Nina has this habit of painstakingly planning our excursions alone. In fact our destinations are generally based on something she wants to see onshore. Me, I just want the sailing and if it is a matter of going here versus going there, we go here. My second time around, I get it. A happy wife makes a happy life.
So, we buy these travel books and or cruising guides for everywhere this circumnavigation takes the two of us. Most recently, we purchased three books and two downloadable cruising guides all covering what to see in New Zealand. About a week prior to departing from Opua, Nina had earmarked the three books with countless postem notes and had laid out an itinerary for the entire month of cruising the Eastern Coast of the Northern Island of New Zealand replete with harbors and places of interest to see. And if there is one sure fire way to get her attention it is for any of these guides to mention a waterfall. And the first thing the second morning in Kaiarara Bay, before even a Guten Morgen, Nina announced we were going to the Great Barrier Waterfall. Now as a prelude to this undertaking, Nina had, the previous day ask for directions to the waterfall and we were told that there were two ways. From the small store in Port Fitzroy, it was one hour. However, if we started at the other end, it was thirty minutes. So the next morning, after Frühstück, (breakfast for the uniformed), we jumped into the dink and made our way South to a small landing. Wrong. There was a sign there that read “this is private property and trespassers will be prosecuted to the full extend of the law”. My take on that was that we would be shot. So we headed North back to the Port and since we had taken the trash, we made a stop at the dumpster and while there we ask a local what was the best way to get to the falls? He told us and then he said, if you can wait five minutes I will take you to the trail in my truck. We said ok, and ten minutes later, after a five minute truck ride we were standing in front of a sign that read as follows:
Falls, 15 minutes
We thanked the gentleman kindly and started up a path that did not appear to be very much used. However, we were not terribly surprised because the gentleman that gave us the ride said he had not been there in 15 years and did not remember much about the falls at all. We walked about five minutes and came to a creek. There was no bridge or steps but we could see a small trail on the other side with the creek, which was about ten to fifteen feet across, and about two feet deep. As I looked at the task in front of us, fording the creek, we both reflected back on the creek crossings that we did in the Marquesas and collectively decided to forego the opportunity. So we turned around and walked back down the path and turned right on to road the local resident used to get use to the starting point. After walking for about ten minutes, we saw a truck approaching and wonders of wonders; it was the same gentleman that had given us the ride. He stopped and asks what happened? We told him and he laughed and said there is another way if you take the “bridle path trail” on the right. Again we thanked him and five minutes later we were on the aforementioned trail. About ten minutes later, we see another sign and it reads:
Falls, 15 minutes
We turned right and we were on our way. This trail had been used a bit more but it was not what you would think of as being visitor friendly. But we were focused (ok, Nina was focused) on reaching the falls and so we walked and we walked and we walked and guess what, we walked and finally we stopped. Are we lost? At one point, I thought I heard rushing water so I retraced our steps and concluded we had not made any wrong turns and so we walked and walked some more. Once we reached the top, of this hill, I was convinced that we had somehow missed a turn because waterfalls are not generally at the bottom of a terrain feature and we were almost at the bottom of this hill. But, who I am to question Mother Nature because we are on a noble quest to find the lost waterfall of Great Barrier Island. Along the way, while I am gasping for air and fighting leg cramps, Nina is taking pictures with mad abandon and is impervious to the fact that we have been walking at this point for more than an hour, most of which had been uphill.
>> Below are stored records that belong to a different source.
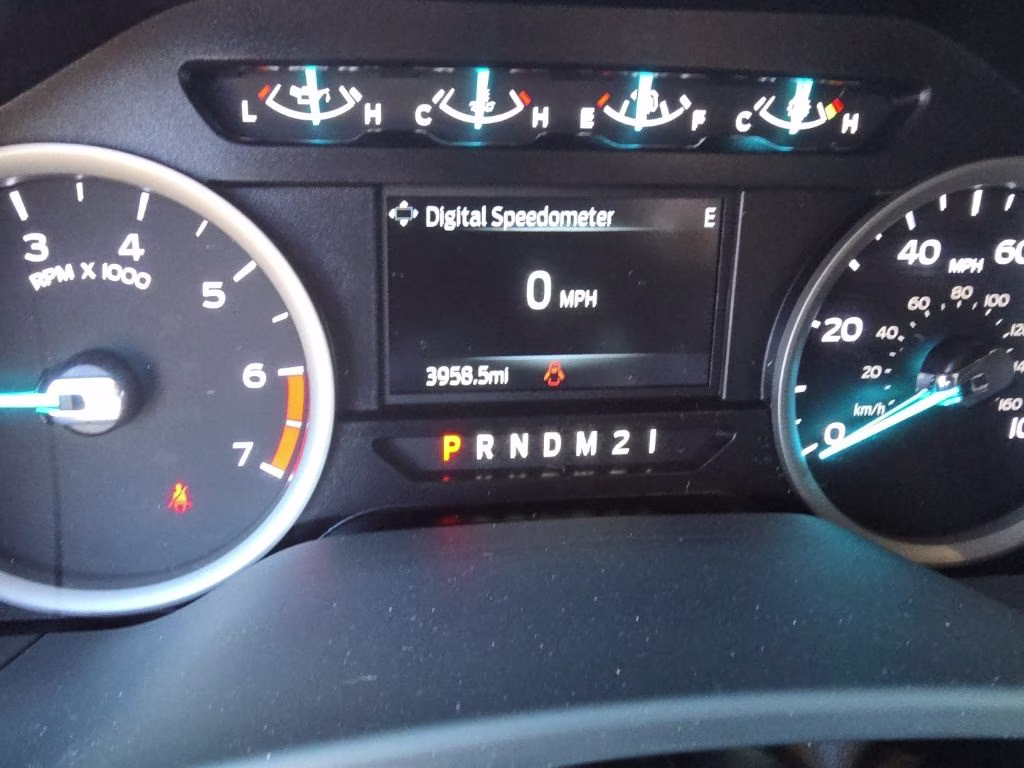 2022 Oxford White Ford Super Duty F-250 SRW XL 4X4 Truck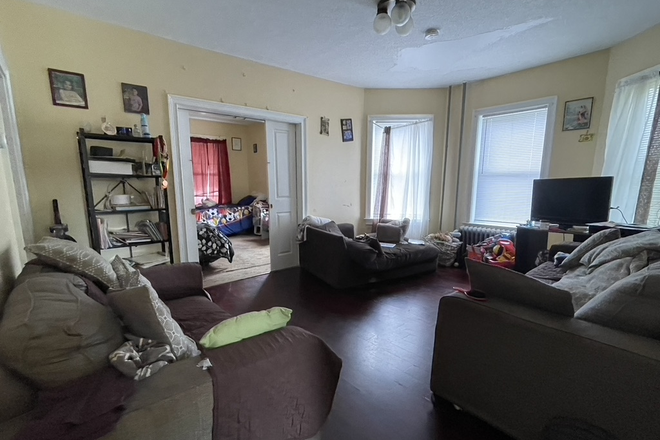 living room - 3 Bedroom Apartment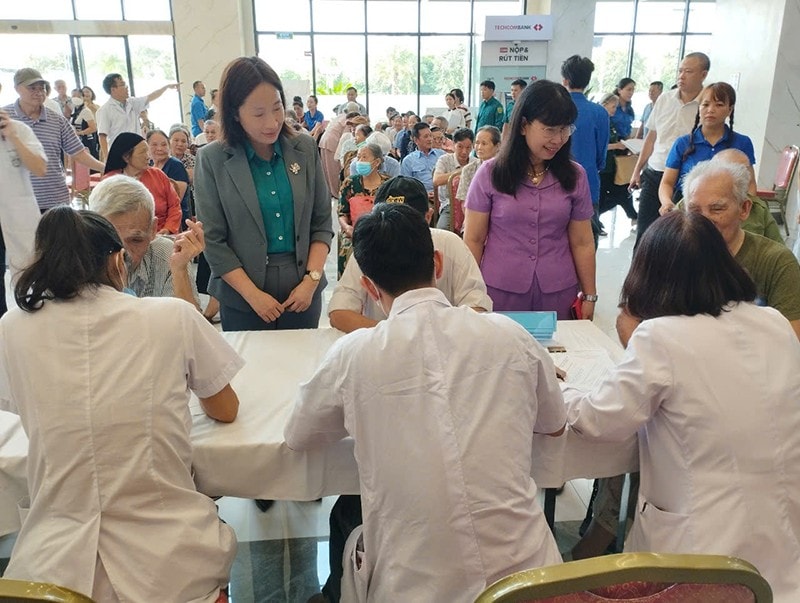 Các đồng chí lãnh đạo Đảng uỷ phường thăm hỏi động viên các thương, bệnh binh, gia đình người có công Các đồng chí lãnh đạo Đảng uỷ phường thăm hỏi động viên các thương, bệnh binh, gia đình người có công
But the gods were finally benevolent and the waterfall appeared before and above us and on my scale of 1-10, it was a four and it taken us 75 minutes to get here. Now we facing a like amount time to get back to the trail and 20-30 minutes more to reach the port. Since, however, we were more than 1/2 down the hill, we did consider going back the other way, the original trail. However, we search the riverbed on both sides and could not find that trail and concluded that it must have been washed out or it was further down the creek.
So back we went the way we came. However, a little excitement was added to the journey back when Nina said we had 15 bridges to cross before we reached the trail. I said eight and so we began counting bridges and so at the bridle trail we had counted only eleven and since I was the closer, my charming, mountain climbing wife had to buy me a beer.
What is the upshot, the take way from this entry? When Kiwi’s, either verbally or in written form tell you how far something is, DO NOT BELIEVE THEM, EVER.